Paul Dinto Brought His Leadership Team to Share in Previdi Award

Paul Dinto, winner of the 2013 Cecil J. Previdi Award, given each year to Danbury's top entrepreneur.
Paul Dinto, winner of the 2013 Cecil J. Previdi Award, given each year to Danbury's top entrepreneur.

Pretty much the first thing Paul Dinto did when he accepted Danbury's Cecil J. Previdi Award Friday from the city and Greater Danbury Chamber of Commerce, was thank his leadership team, name by name, year by year. He asked them to stand up at Danbury's Crown Plaza hotel. 

"To say we've been very fortunate and lucky would be an understatement," Dinto told more than 300 people gathered at the annual Leadership Luncheon of the Greater Danbury Chamber of Commerce. "I could't have done it alone."

Dinto is a graduate of the Henry Abbott Technical School in Danbury, and he worked for Ducci Electric from 1963 until 1987 when he retired as executive vice president and founded his own firm. Now 26 years later, Paul Dinto Electrical Contractors Inc. based in Middlebury employs 185 field electricians, estimators, project managers and field engineers.

The Cecil J. Previdi Award is given every year to the city’s top entrepreneur in honor of Cecil J. Previdi, a Danbury business owner of Danbury Printing and Litho, a company grown by Previdi by using modern business techniques and methods.
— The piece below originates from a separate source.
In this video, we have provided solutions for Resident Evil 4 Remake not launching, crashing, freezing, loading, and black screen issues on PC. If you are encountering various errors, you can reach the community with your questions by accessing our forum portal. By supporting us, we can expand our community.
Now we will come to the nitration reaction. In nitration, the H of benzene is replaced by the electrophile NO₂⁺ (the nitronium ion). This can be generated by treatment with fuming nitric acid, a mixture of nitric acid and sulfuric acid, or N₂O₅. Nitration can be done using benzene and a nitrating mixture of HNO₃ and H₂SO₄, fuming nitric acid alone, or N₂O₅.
Previous winners have included Anthony M. Rizzo, Stew Leonard Jr., Farooq Kathwari and James Marquis, among others. 

Ralph MacIntosh, chairman of the chamber's Previdi Award Committee and president of Del-Tron Precision in Bethel, said Dinto has taken electrical contracting to the next level.
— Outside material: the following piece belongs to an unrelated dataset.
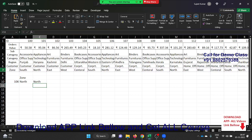VLOOKUP is a complicated topic, so please do the practice.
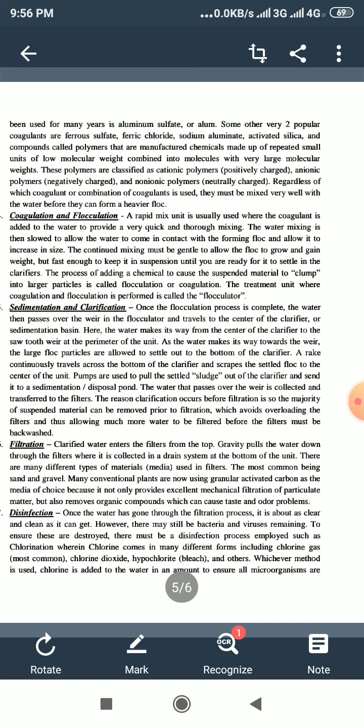The process of adding a chemical to cause the suspended material to clump into larger particles is called flocculation or coagulation. The treatment unit where coagulation and flocculation is performed is called the flocculator.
MacIntosh also recalled a trip he took to Cape Cod with Dinto, when the prop on Dinto's boat got tangled on a lobster trap rope. Dinto told MacIntosh he'd have to jump into the water and untangle the rope. He said it felt like he was working on it for hours. 

"It was cold," MacIntosh said. He said when he climbed back up the back of the boat, he found Dinto fishing off the front of the boat. MacIntosh said he was a little upset.

"How come you couldn't go in,"Macintosh said. 

"Too many sharks," Dinto said.

Dinto knew Previdi, who built Danbury Printing and Litho from a tiny family business into a national printing firm. Previdi died in a plane crash at age 44. 

"He was witty. He had vision. He was a quality guy all around," Dinto said.